==== Available data ====
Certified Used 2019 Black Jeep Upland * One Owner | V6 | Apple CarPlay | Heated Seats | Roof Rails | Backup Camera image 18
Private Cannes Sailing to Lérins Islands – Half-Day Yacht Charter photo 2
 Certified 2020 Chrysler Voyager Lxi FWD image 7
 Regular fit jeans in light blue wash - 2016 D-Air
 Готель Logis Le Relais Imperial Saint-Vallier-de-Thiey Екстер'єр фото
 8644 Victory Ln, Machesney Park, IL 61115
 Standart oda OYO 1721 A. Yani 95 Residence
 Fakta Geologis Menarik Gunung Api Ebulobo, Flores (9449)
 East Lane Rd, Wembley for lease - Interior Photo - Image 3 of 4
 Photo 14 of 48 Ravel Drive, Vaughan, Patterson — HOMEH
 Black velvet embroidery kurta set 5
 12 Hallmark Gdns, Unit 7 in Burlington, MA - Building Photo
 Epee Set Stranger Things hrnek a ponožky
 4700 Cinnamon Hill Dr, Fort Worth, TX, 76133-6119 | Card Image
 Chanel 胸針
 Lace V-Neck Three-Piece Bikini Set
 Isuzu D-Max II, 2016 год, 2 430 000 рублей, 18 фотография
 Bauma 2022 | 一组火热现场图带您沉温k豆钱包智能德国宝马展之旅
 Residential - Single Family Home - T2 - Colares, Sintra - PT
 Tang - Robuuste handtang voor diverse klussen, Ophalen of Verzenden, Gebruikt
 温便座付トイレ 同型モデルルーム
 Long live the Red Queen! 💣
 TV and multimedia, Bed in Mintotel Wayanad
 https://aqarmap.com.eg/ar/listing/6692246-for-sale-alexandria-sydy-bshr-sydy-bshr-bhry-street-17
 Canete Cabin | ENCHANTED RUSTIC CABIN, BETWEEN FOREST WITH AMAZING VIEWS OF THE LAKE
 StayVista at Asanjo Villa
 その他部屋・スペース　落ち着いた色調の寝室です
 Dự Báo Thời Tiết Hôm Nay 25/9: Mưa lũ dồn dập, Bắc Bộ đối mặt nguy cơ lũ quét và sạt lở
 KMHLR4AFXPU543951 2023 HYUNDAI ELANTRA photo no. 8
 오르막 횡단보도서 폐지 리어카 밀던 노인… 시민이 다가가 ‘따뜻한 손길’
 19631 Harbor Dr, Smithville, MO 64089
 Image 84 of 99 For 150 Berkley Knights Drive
====
Task description: Give back the full listing above verbatim.

Exercise answer:
Certified Used 2019 Black Jeep Upland * One Owner | V6 | Apple CarPlay | Heated Seats | Roof Rails | Backup Camera image 18
Private Cannes Sailing to Lérins Islands – Half-Day Yacht Charter photo 2
 Certified 2020 Chrysler Voyager Lxi FWD image 7
 Regular fit jeans in light blue wash - 2016 D-Air
 Готель Logis Le Relais Imperial Saint-Vallier-de-Thiey Екстер'єр фото
 8644 Victory Ln, Machesney Park, IL 61115
 Standart oda OYO 1721 A. Yani 95 Residence
 Fakta Geologis Menarik Gunung Api Ebulobo, Flores (9449)
 East Lane Rd, Wembley for lease - Interior Photo - Image 3 of 4
 Photo 14 of 48 Ravel Drive, Vaughan, Patterson — HOMEH
 Black velvet embroidery kurta set 5
 12 Hallmark Gdns, Unit 7 in Burlington, MA - Building Photo
 Epee Set Stranger Things hrnek a ponožky
 4700 Cinnamon Hill Dr, Fort Worth, TX, 76133-6119 | Card Image
 Chanel 胸針
 Lace V-Neck Three-Piece Bikini Set
 Isuzu D-Max II, 2016 год, 2 430 000 рублей, 18 фотография
 Bauma 2022 | 一组火热现场图带您沉温k豆钱包智能德国宝马展之旅
 Residential - Single Family Home - T2 - Colares, Sintra - PT
 Tang - Robuuste handtang voor diverse klussen, Ophalen of Verzenden, Gebruikt
 温便座付トイレ 同型モデルルーム
 Long live the Red Queen! 💣
 TV and multimedia, Bed in Mintotel Wayanad
 https://aqarmap.com.eg/ar/listing/6692246-for-sale-alexandria-sydy-bshr-sydy-bshr-bhry-street-17
 Canete Cabin | ENCHANTED RUSTIC CABIN, BETWEEN FOREST WITH AMAZING VIEWS OF THE LAKE
 StayVista at Asanjo Villa
 その他部屋・スペース　落ち着いた色調の寝室です
 Dự Báo Thời Tiết Hôm Nay 25/9: Mưa lũ dồn dập, Bắc Bộ đối mặt nguy cơ lũ quét và sạt lở
 KMHLR4AFXPU543951 2023 HYUNDAI ELANTRA photo no. 8
 오르막 횡단보도서 폐지 리어카 밀던 노인… 시민이 다가가 ‘따뜻한 손길’
 19631 Harbor Dr, Smithville, MO 64089
 Image 84 of 99 For 150 Berkley Knights Drive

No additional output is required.